Sunday, August 19, 2012

How do I relate to my worldview?

     “A paradigm, most simply, is both a model of and a template for reality. Complementary terms include ‘belief system’ and ‘worldview.’ Just as a fish cannot breathe outside of the water it swims in, so an individual operating within a paradigm is subject to the illusion that the paradigm represents the whole of reality. But no paradigm does. All models of reality, no matter how complex, are bound to leave out some aspects of the ‘reality’ they are attempting to model. Many paradigms come to constitute relatively closed conceptual systems that discount or exclude incompatible information, regardless of its potential validity within another paradigm. In the Structure of Scientific Revolutions (1970), philosopher Thomas Kuhn demonstrated that, far from being an accurate model of reality, the most a paradigm can be is a set of beliefs about the nature of an ultimately unknowable universe.

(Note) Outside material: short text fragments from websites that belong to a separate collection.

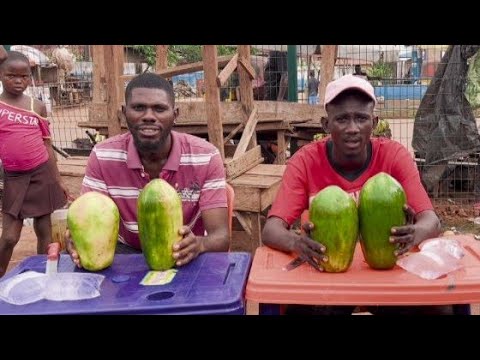 Видео: ЛЕГЕНДАРНОЕ КОНКУРСНОЕ СОБЫТИЕ: ПЕРВЫЙ, КТО СЪЕСТ ДВЕ ОГРОМНЫЕ ПАПУ, ВЫИГРАЕТ 1000 ДОЛЛАРОВ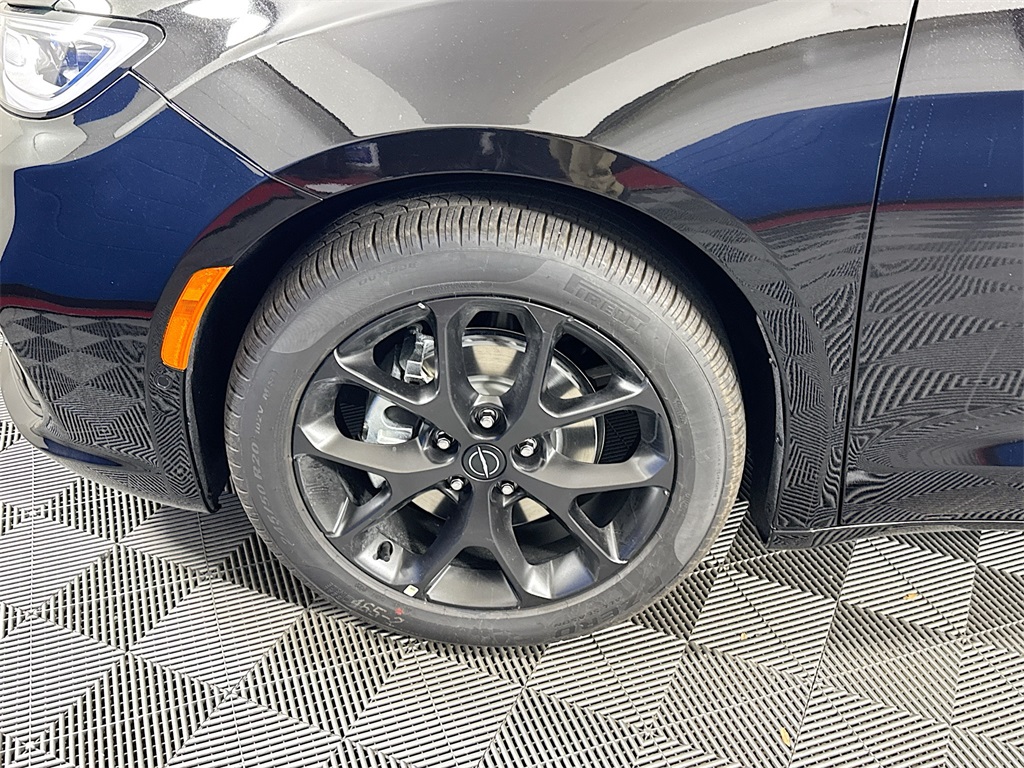 2026 Chrysler Pacifica Limited Image 10 of 32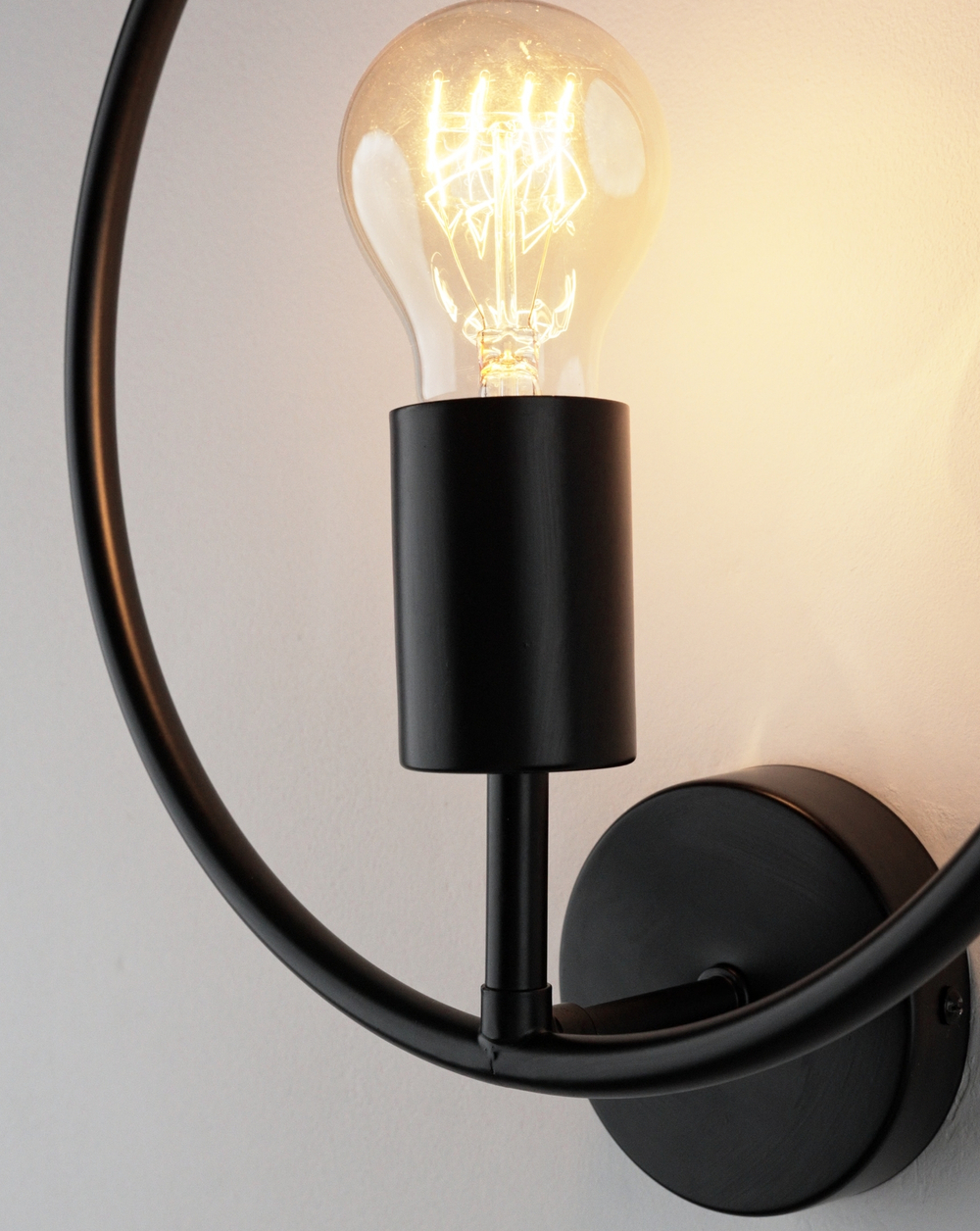 Светильник настенный Moderli V11582-1W Sachara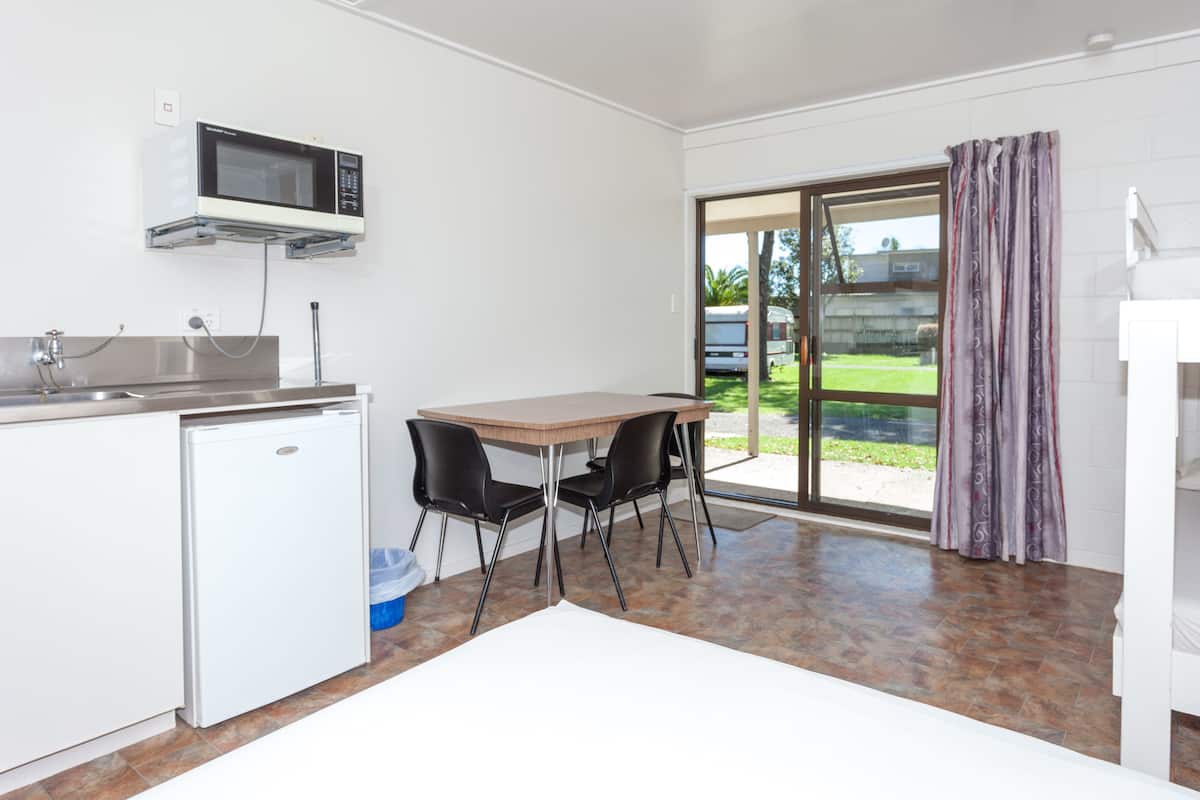 Camera Standard, non fumatori, bagno condiviso (kitchen cabin sleeps four) | Pasti in camera
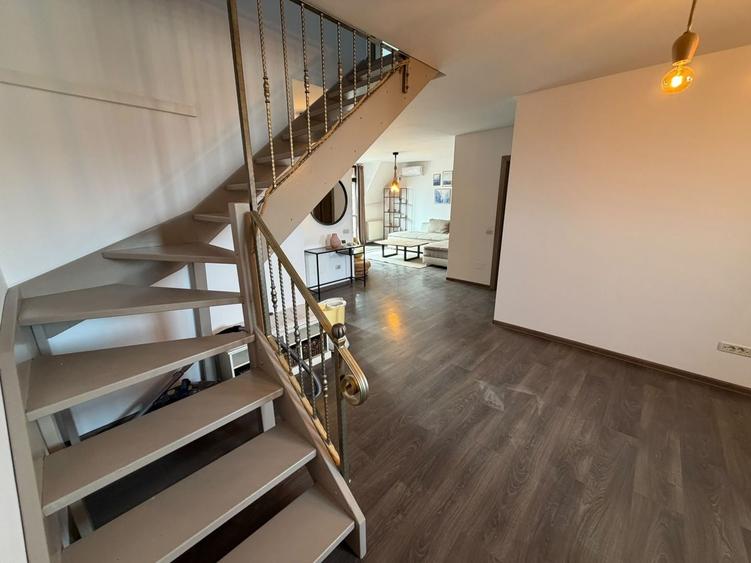 Apartament cu 4 camere decomandat, mobilat în Fundeni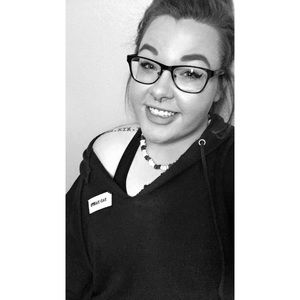 Meet your Posher, Fallon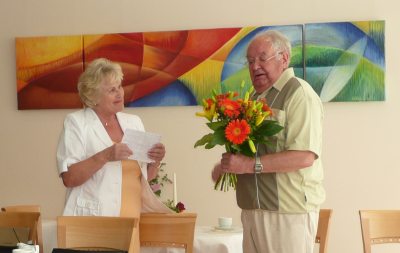 Frau Wiebesiek überreicht Karl-Heinz Nitz Blumen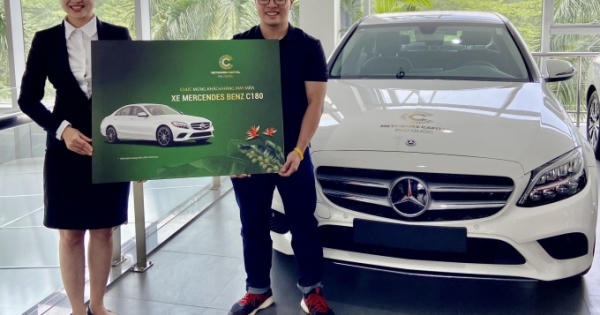 Khách mua Meyhomes Capital Phú Quốc nhận bàn giao xe Mercedes C180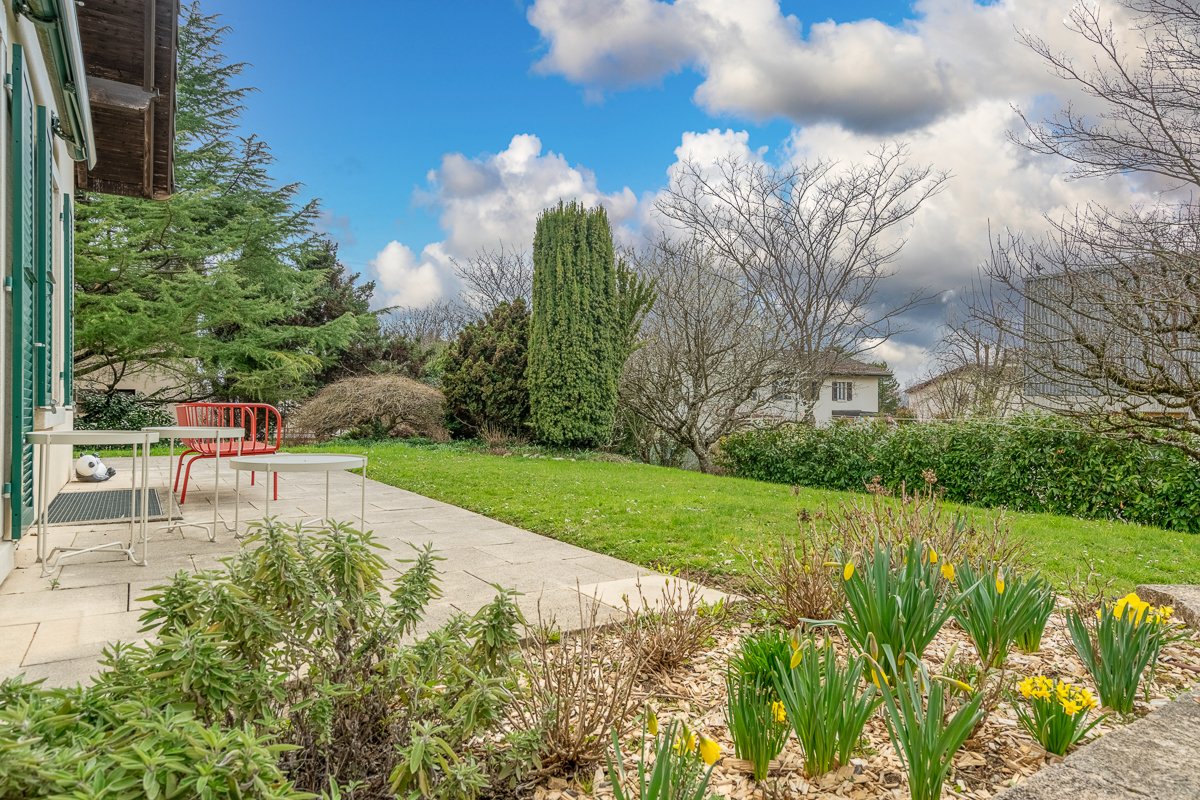 LE MONT-SUR-LAUSANNE - Belle villa familiale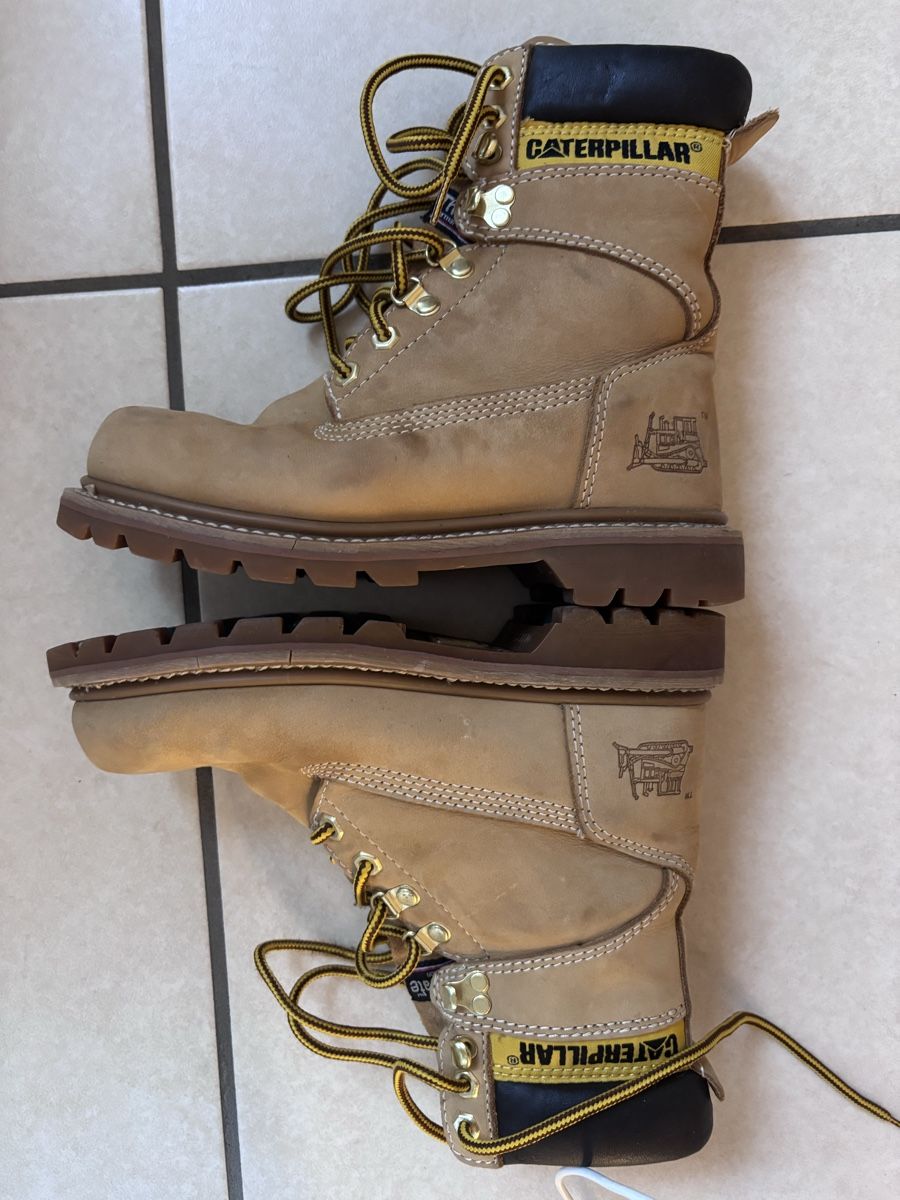 Caterpillar Scarpe da uomo: Scarponcini Caterpillar robusti, taglia 36 – Usato da Cadenazzo venduto da dede1973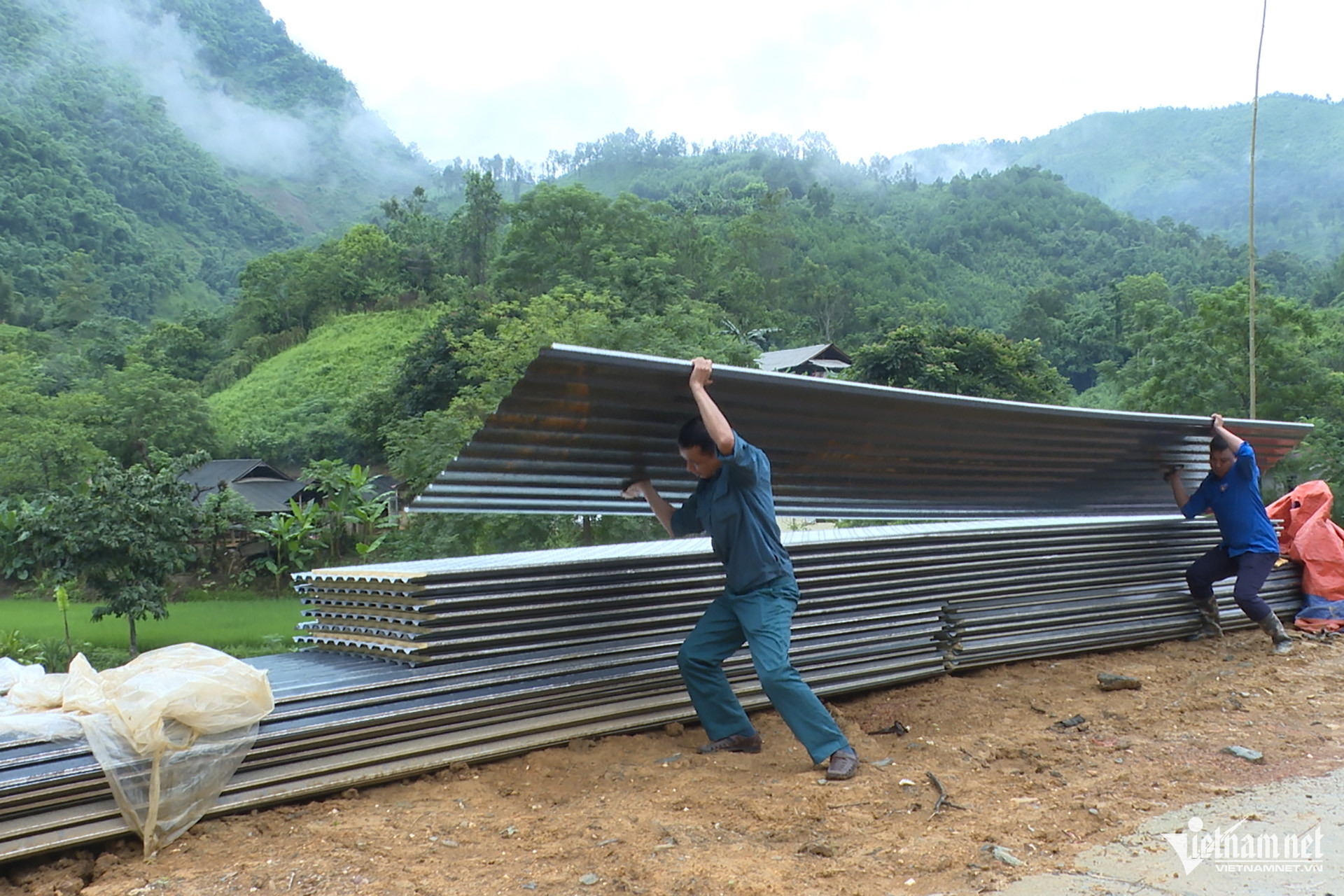 W-Xóa nhà tạm, nhà dột nát tại Thái Nguyên 4.jpg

     The limitations of paradigms are counterbalanced by their advantages: paradigms provide clear conceptual models that facilitate one’s movement in the world. In acting not only as models of – but also as templates for – reality, paradigms enable us to behave in organized ways, to take action that make sense under a given set of principles. ‘To paradigm,’ if you will, is to create the world through the story we tell about it. We then can live as cultural beings in the organized and coherent paradigmatic world we have created. We cannot live without paradigms. But we can learn to be conscious and aware of how they influence our thoughts and shape our experience, to understand that they open some possibilities while closing others. That awareness can bring a rare kind of freedom – the freedom to ‘think beyond.’
     Davis-Floyd R, St. John G. “From doctor to healer. The transformative journey.” Rutgers University Press, London, 1998.
     You first have to realize that you're in a box, before you can think outside the box.